Paula Smith
Fan | |
---|---|
Name: | Paula Smith |
Alias(es): | Paula Smith (the capital "A" to differentiate her from Paula Block), Posmithi, April Fool (when writing with Pat Massie), Chen [1], Erin O. Mercy, Cool Han Luke, Roy Smith (the latter, a pseud with co-writer Eileen Roy), as well as many, many, many names |
Type: | fanwriter, editor, zine editor, convention organizer, more |
Fandoms: | Star Trek: TOS, Starsky & Hutch, Harry and Johnny, Man from UNCLE, Professionals |
Communities: | |
Other: | |
URL: | an extensive interview with Paula Smith is here |
Click here for related articles on Fanlore. | |
Paula Smith was an active member of several fandoms during the late 1960s, 1970s and 1980s.
Well-Known in Fandom
- In 1973, Paula Smith first coined the term Mary Sue by writing a piece in "A Trekkie's Tale" in Menagerie #2. The piece was satirical in nature, lampooning the original Star Trek female characters who became love interests for the central characters in the story.
- In 1977, Sharon Ferraro and Paula Smith created the Fan Quality Awards (FanQ) awards in conjunction with SeKwester*Con Too.

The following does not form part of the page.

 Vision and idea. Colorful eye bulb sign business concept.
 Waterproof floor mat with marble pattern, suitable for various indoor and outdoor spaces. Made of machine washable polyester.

The original categories were simply for Star Trek Best Writer and Best Artist.
- In 1978, Smith hosted Afro-American Con.
- In 1984 in Warped Space #50, Paula Smith contributed an essay to ongoing dialogue about characterization issues in fan fiction. She discussed something known to fanzine readers and writers called Langsam’s Law. She was quoted by Langley as saying there is a "special caveat for writing media-based fiction. Don't make an established character do or say something out of line with his established character, of if you must, give good, solid reasons why." [2]

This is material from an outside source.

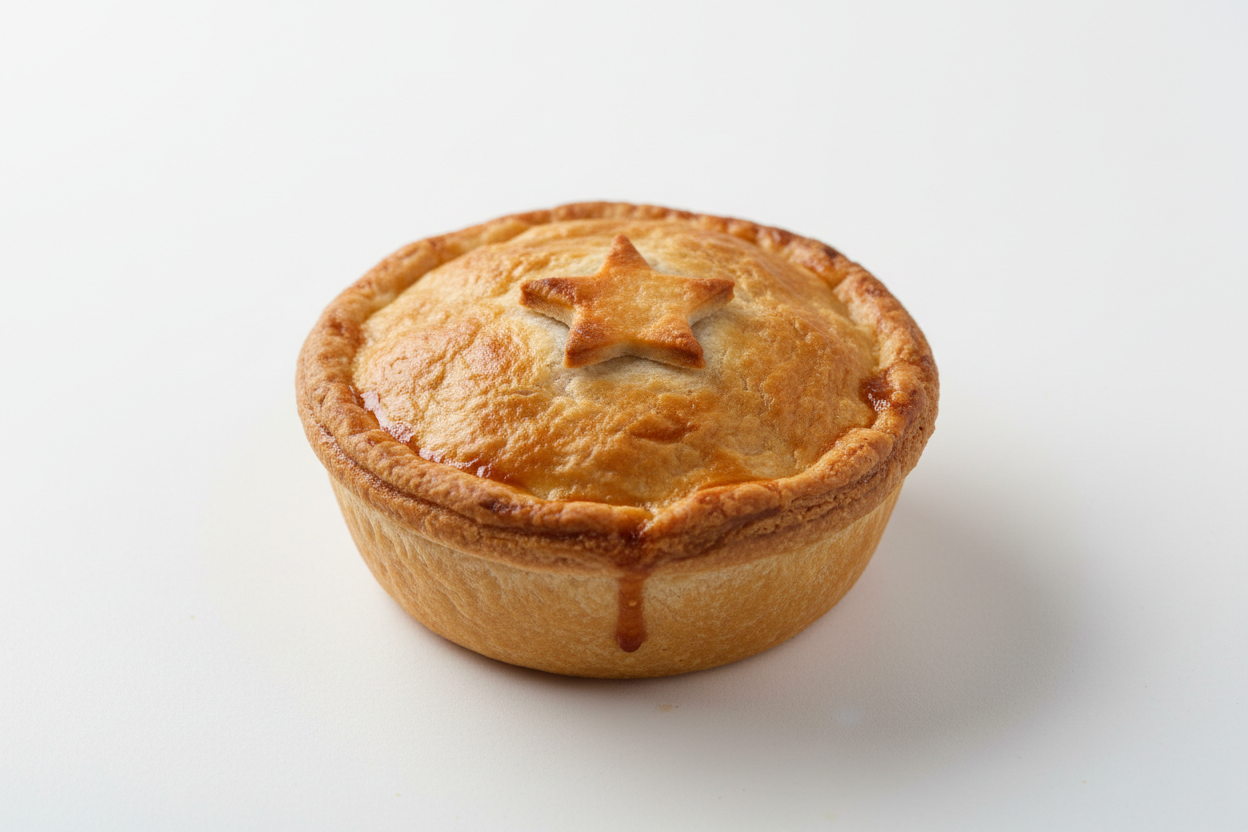 create a small real meat mince pie with one star on top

- She was a convention organizer of ReKWest*Con, SeKWester*Con, SeKwester*Con Too.
- She was published in many, many, MANY fanzines; two of her more well-known, and controversial, stories are The Logical Conclusion and Surrender.

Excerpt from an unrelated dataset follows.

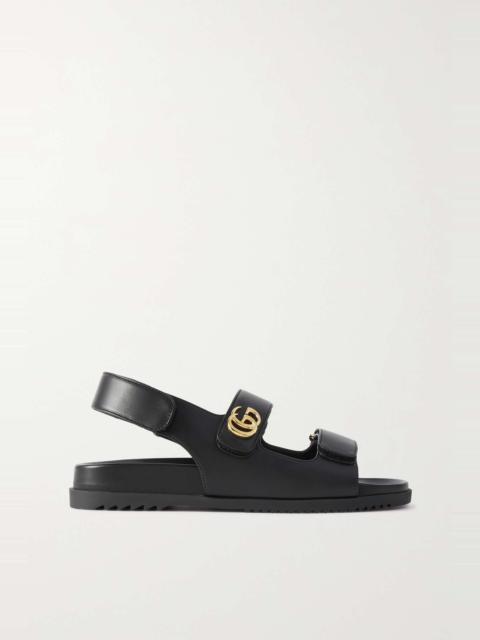GUCCI Moritz logo-embellished leather slingback sandals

- She wrote plays at Zebracon and Connexions.
- She was a prolific zine reviewer and essayist.
- She was a member of W.H.I.P.S..
- She ran boojums Press with Sharon Ferraro.
- She is not Harlan Ellison.
Interviews
In Her Words (1981)
In 1981, she was nominated for a FanQ award and submitted the following bio to The Annual Fan Q Awards Nominations Booklet:
"Paula Smith has been around fandom since 1973 and has written stories, poems and plays for Trek, sf, SW, MAN FROM U.N.C.L.E, S&H, ROCKY HORROR, and DRACULA, and has been published in INTERPHASE, MASIFORM D, GALACTIC DISCOURSE, RIGEL, WARPED SPACE, OBSC'ZINE, PEGASUS, SYNDIZINE, ZEBRA THREE, and of course, MENAGERIE, and has had a story published professionally in ISAAC ASIMOV'S FICTION MAGAZINE. This is the first time (she says) that she has ever made the final ballot for a writing award. Goshow! [She was] Nominated for Favorite Poem."
In Her Words (2010)
While at Media*West #30, Paula was interviewed for an issue of Transformative Works and Cultures. In it, she talks extensively about Mary Sue, letterzines, fanzines, the meld and discord between media and SF fandom, conventions, the birth of Media*West, and when she helped serve Harlan Ellison a home-cooked chicken dinner.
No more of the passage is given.